AMD claimed Carrizo has 17x the compute performance, twice the graphics capability and double the battery life of the Kaveri architecture. All this, while maintaining the process at 28nm, and focusing on a power target of 15 W for light and portable notebooks.
Company executives indicated that this is the result of a corporate culture that shifts towards power efficiency.
Energy efficiency has been steadily improving year over year for the last six years, with AMD achieving 10x increased efficiency between 2009 and 2014, but in 2014 the company vowed to increase energy efficiency an additional 25x by the year 2020. To do that, engineers have to find ways to outpace Moore's Law.
AMD claimed Carrizo already represents a big leap towards that goal. Amazingly, it said company engineers managed to squeeze out 240 percent more performance per watt.

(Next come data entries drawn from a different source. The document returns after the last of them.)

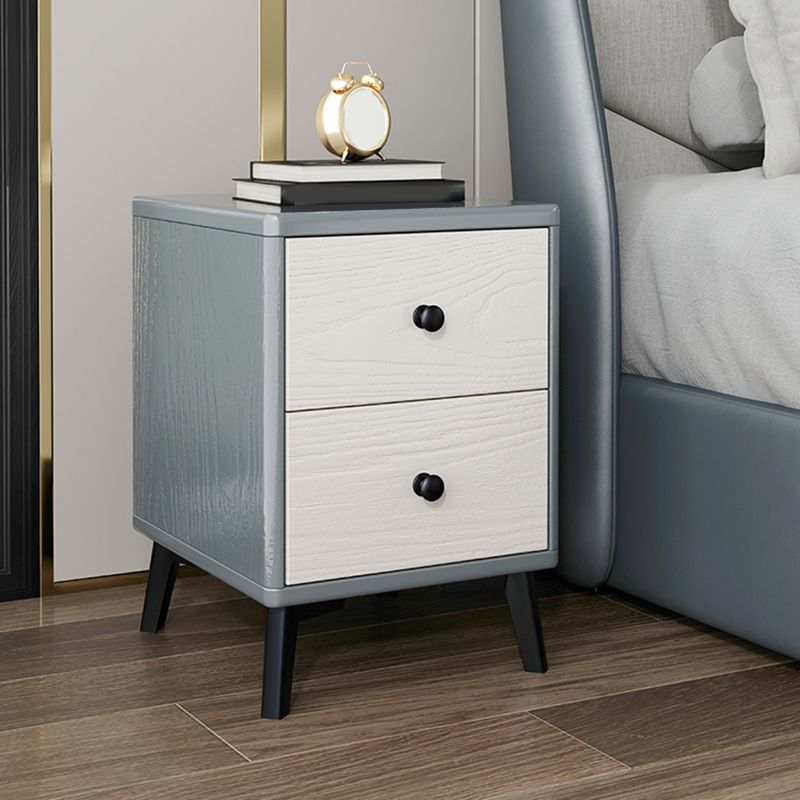 Solid Wood Bedside Cabinet Contemporary Bed Nightstand for Bedroom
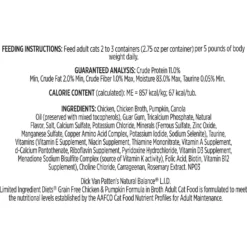 Natural Balance L.I.D. Limited Ingredient Diets Chicken & Pumpkin Formula Shreds Grain-Free Wet Cat Food -Furry Feast 95653 PT6. AC SS1800 V1576527782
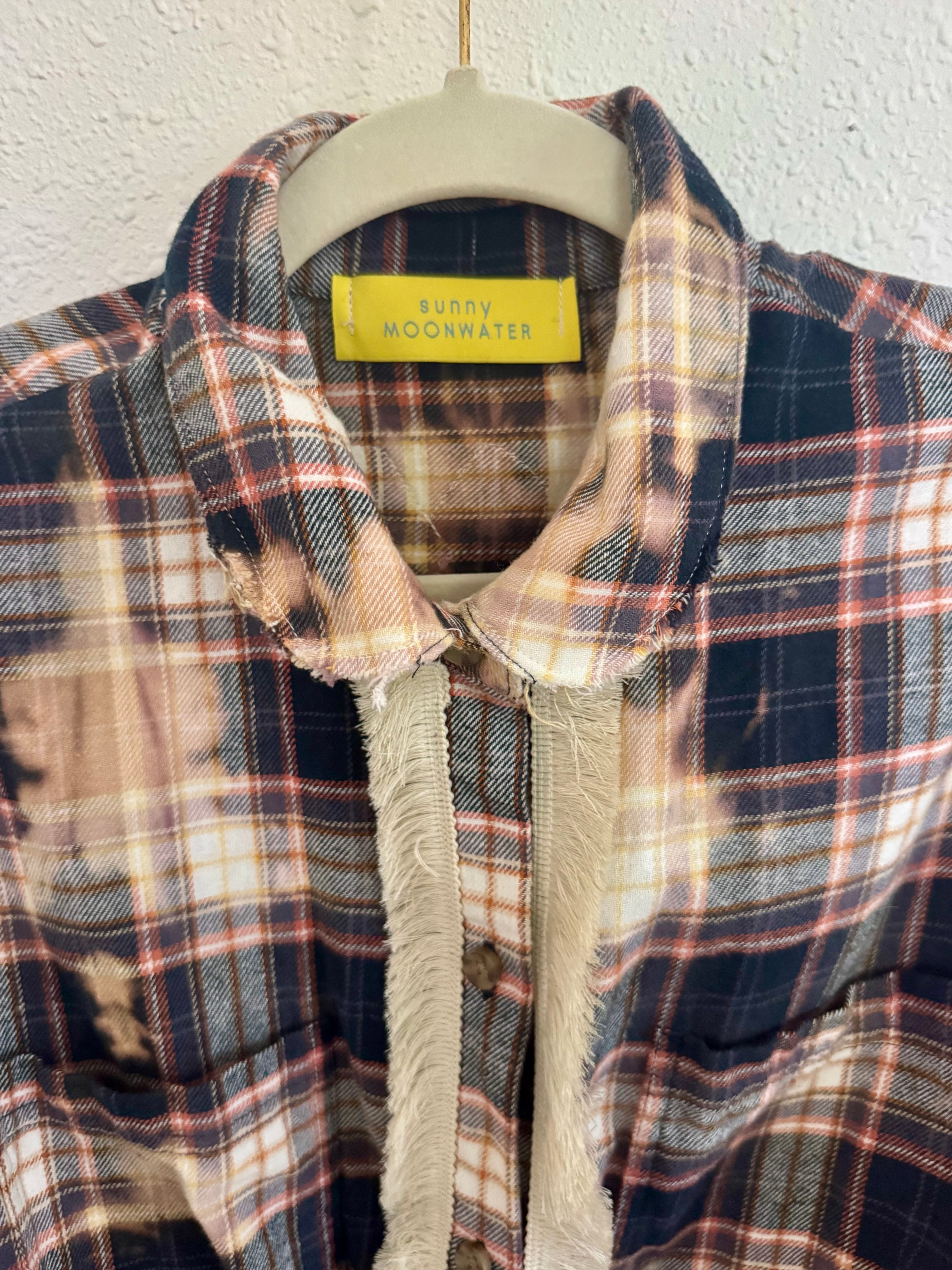 Upcycled Flannel Top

"It's important to set aggressive aspirational goals. It motivates the engineering team; it helps galvanize thinking," said Sam Naffziger, AMD Corporate Fellow. "It's one of the things that stimulates innovation and ways to get there when it seems too big a stretch."
Coming Together To Innovate Better
AMD acquired ATI Technologies back in 2006. Since then the company has used its technologies and people to come up with some very forward thinking ideas, but AMD's engineering teams are spread out and synergy takes time. AMD indicated that Carrizo's most promising innovation is the result of such collaborations of knowledge.
Specifically, the CPU team observed the way the GPU team used high density library technologies to maximize the available space with the most capability possible, surmising that this technology could benefit the CPU side. Without any official direction, experiments began.
With the lack of a new process node, the engineering team had to figure out how to reduce the space used on the die to make room for other features, such as improved graphics and multimedia decoding. Implementing the knowledge learned from the GPU team reduced the size of the Floating Point Scheduler by 38 percent, the FMAC by 35 percent and i-Cache Control by 35 percent. In total, even with all the extra features, AMD reduced the APU area by 23 percent in Carrizo.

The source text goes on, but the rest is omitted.